Em 2010, ao cantar no Brasil, B. B. King disse: “Blues é como música clássica, como Beethoven. Se está diferente? Sim, porque o mundo está diferente. Quando eu era jovem dançava-se boogie woogie. Hoje as pessoas dançam homens de um lado, mulheres do outro, se sacudindo. Não chamo isso de dança. Gosto de abraçar minha garota”. Apesar da suposta “pilhéria” (não é) da dança, o que B. B. King está dizendo, provavelmente, é que a música, seja a erudita, seja o jazz, seja o blues, muda com o tempo, e a partir de novas interpretações. Bach, Mozart e Beethoven continuam vivos nas interpretações dos intérpretes contemporâneos. Como gênios absolutos, entenderiam as mudanças introduzidas, apesar do rigor das partituras, mas certamente não se reconheceriam integralmente. No caso de músicos de jazz e blues, as mudanças se dão, muitas vezes, de show para show. Mas a improvisação do jazz, que também existe no blues, decorre, muitas vezes, de um planejamento rigoroso. Pode-se dizer que se trata de uma improvisação planejada, o que parece contraditório, mas não é. Aos olhos dos ouvintes atentos, é improvisação; aos olhos dos músicos, nem tanto.

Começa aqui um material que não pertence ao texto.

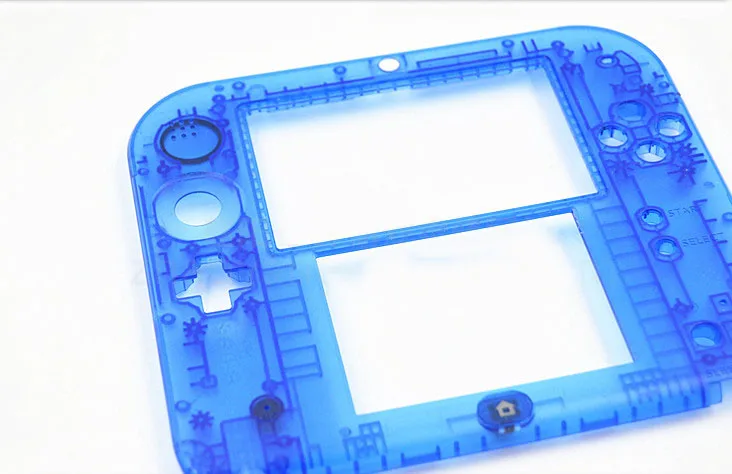 2DS A Surface Shell Cover p1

O jornal “O Globo” define bem o que é a música do artista americano: “King juntou o country blues com outros ritmos e criou um som instantaneamente reconhecido por milhões: uma guitarra pungente com vibratos cintilantes e a voz marcante que expressava luxúria, saudade e amor perdido”. O próprio B. B. King, um mito — como Noel Rosa, Carmen Miranda, Ataulfo Alves, João Gilberto, Elis Regina, Caetano Veloso e Chico Buarque para os brasileiros —, dizia: “Eu quero conectar minha guitarra às emoções humanas”.

É possível que, com a fama, B. B. King tenha transformado sua arte numa espécie de “standard” — música pronta, a música já esperada pelo público —, mas isto não diminui seu enorme talento e a beleza de sua música. “Eles [brasileiros] me trataram como um santo. Eu adorei”, disse o músico. Os artistas, os mais populares e icônicos, são assim mesmo: santos ou xamãs.

O artista “nasceu” porque, como sua casa não tinha energia elétrica, comprou um violão para animar a família, sobretudo sua avó, que o criou.

A história da música, da música em geral, certamente consagrará B. B. King como um dos grandes. Ainda que não seja maior, quem sabe, do que Louis Armstrong, Duke Ellington, Charlie Parker, Billie Holiday, Ella Fitzgerald, John Coltrone e Miles Davis.

A arte está de luto. Mas felizmente B. B. King deixa sua arte — que é o melhor de um artista, de um homem.